Have you ever had a dream which was socially unacceptable to pursue?  Maybe to your parents, to your children, your spouse or co-workers, your personal dream seemed silly, unrealistic or naïve.

 

There once was a man There once was a man who had such a naïve vision, an unrealistic dream, an out of this world hope…  This dreamer was the son of an itinerant horse trainer who would go from stable to stable, race track to race track, farm to farm and ranch to ranch, training horses. As a result, the boy's high school career was continually interrupted. When he was a senior, he was asked to write a paper about what he wanted to be and do when he grew up.

"That night he wrote a seven-page paper describing his goal of someday owning a horse ranch.
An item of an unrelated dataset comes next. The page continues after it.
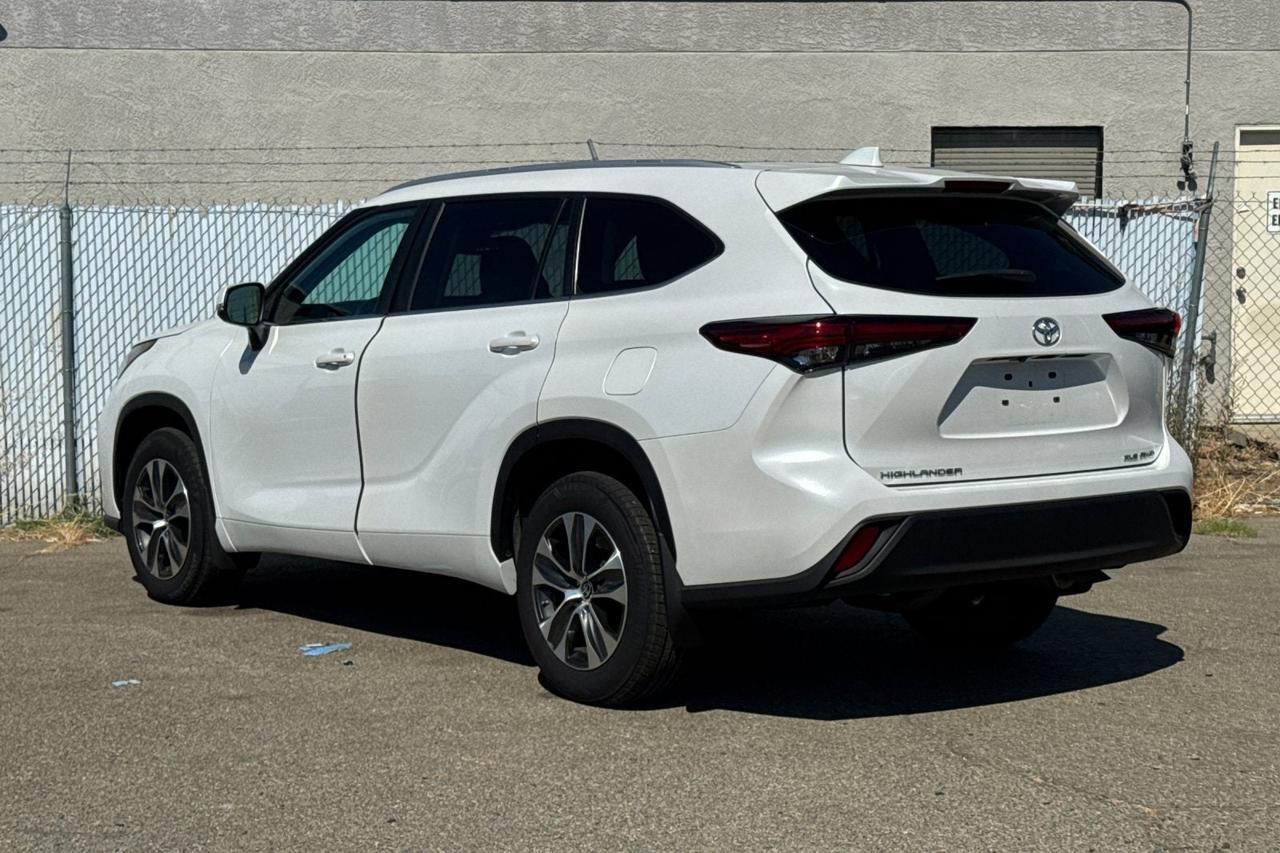 2023 Toyota Highlander XLE Roseville CA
He wrote about his dream in great detail and he even drew a diagram of a 200-acre ranch, showing the location of all the buildings, the stables and the track. Then he drew a detailed floor plan for a 4,000-square-foot house that would sit on a 200-acre dream ranch.

"He put a great deal of his heart into the project and the next day he handed it in to his teacher. Two days later he received his paper back. On the front page was a large red F with a note that read,

`See me after class.'

"The boy with the dream went to see the teacher after class and asked, `Why did I receive an F?'

"The teacher said, `This is an unrealistic dream for a young boy like you. You have no money. You come from an itinerant family. You have no resources. Owning a horse ranch requires a lot of money. You have to buy the land. You have to pay for the original breeding stock and later you'll have to pay large stud fees. There's no way you could ever do it.' Then the teacher added, `If you will rewrite this paper with a more realistic goal, I will reconsider your grade.'

"The boy went home and thought about it long and hard. He asked his father what he should do. His father said, `Look, son, you have to make up your own mind on this. However, I think it is a very important decision for you.' "Finally, after sitting with it for a week, the boy turned in the same paper, making no changes at all.

He stated, "You can keep the F and I'll keep my dream."

That little boy, when he became an adult once told his story to an assembled group.  He said, "I tell you this story because you are sitting in my 4,000-square-foot house in the middle of my 200-acre horse ranch. I still have that school paper framed over the fireplace." He added, "The best part of the story is that two summers ago that same schoolteacher brought 30 kids to camp out on my ranch for a week."

When the teacher was leaving, turned to the dreamer and said, "Look, I can tell you this now. When I was your teacher, I was something of a dream stealer. During those years I stole a lot of kids' dreams. Fortunately you had enough gumption not to give up on yours."[1]

In our lives we will encounter all types of people.  We will encounter dreamers and dream stealers.  We will encounter folks bold enough to hold on to their hope, their vision and their dream and others who would, crush those dreams, not out of hatred or jealousy or malice, but perhaps good intentions, prudence and realism.

 

 

We see such extremes in this story of the horse-trainer’s son and his teacher, as we do in the story of Jesus and Blind Bartimaeus.

Like the young man who got an F on his paper, Bartimaeus had a dream.  He wished to see again.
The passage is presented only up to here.